La petite dernière, di Hafsia Herzi
Dal pluripremiato romanzo omonimo di Fatima Daas, un film furbo e senza cuore che si perde primi baci, sguardi complici che finge di aver capito la lezione di Kechiche. CANNES78. Concorso

Doppie identità. Fatima nasconde il proprio nome, si fa chiamare Jasmine quando conosce altre ragazze nella app di incontri. Recita un altro personaggio, ma in realtà sotto altre generalità è se stessa. È invece dietro l’armonia familiare che si nasconde. Le lacrime davanti alla madre la lasciano in una terra di mezzo.
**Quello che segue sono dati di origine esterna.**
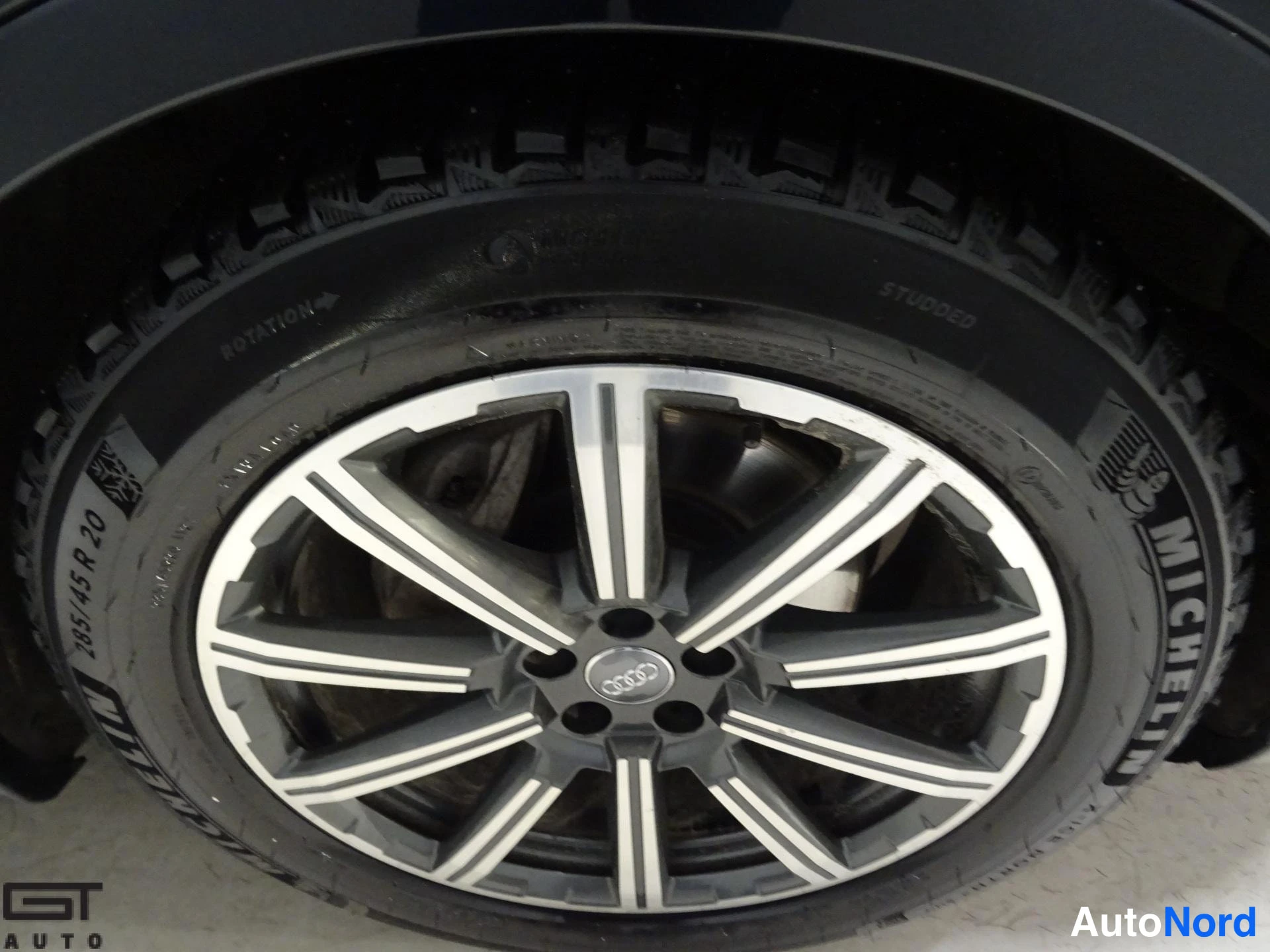 Musta Audi Q7 2015, yksityiskohta, kuva 29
È un’inquadratura piuttosto lunga di La petite dernière, quarto lungometraggio come regista dell’attrive Hafsia Herzi che adatta l’omonimo, pluripremiato, romanzo di Fatima Daas pubblicato nel 2020.
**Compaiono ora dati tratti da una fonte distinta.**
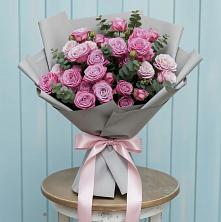 Букет цветов из:  Розы в Краснокаменске Красноярского края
Fatima, 17 anni, è la figlia più piccola una famiglia di immigrati algerini che abita nella periferia parigina. Quando si scrive alla facoltà di filosofia dopo aver terminato gli studi, conosce un nuovo mondo. Si emancipa dalla sua famiglia e e sue tradizioni e scopre la sua omosessualità. Ma non riesce a vivere liberamente con sé stessa e con la sua fede musulmana.
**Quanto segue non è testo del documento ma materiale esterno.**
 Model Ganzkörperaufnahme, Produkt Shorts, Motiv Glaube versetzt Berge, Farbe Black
C’è un primo piano in cui Fatima ha il velo e le scende una lacrima. Sul volto della protagonista, interpretata da Nadia Melliti, è come scissa, divisa. Questa condizione viene però mostrata dalla cineasta in modo ordinario, senza particolari scosse. Non basta stare attaccati al viso di Fatima, rivelarne i turbamenti e i desideri, mostrare gli attacchi di rabbia (l’aggressione al compagno di classe a cui spacca gli occhiali) per far avvertire quel terremoto emotivo, il dolore ma anche la reinvenzione della propria vita, presenti nel libro. L’approccio non è poi così dissimile da Nadine Labaki con Cafarnao. Un tema forte, col quale ci si può facilmente immedesimare, dove però la furbizia prevale nettamente sulla reale ispirazione.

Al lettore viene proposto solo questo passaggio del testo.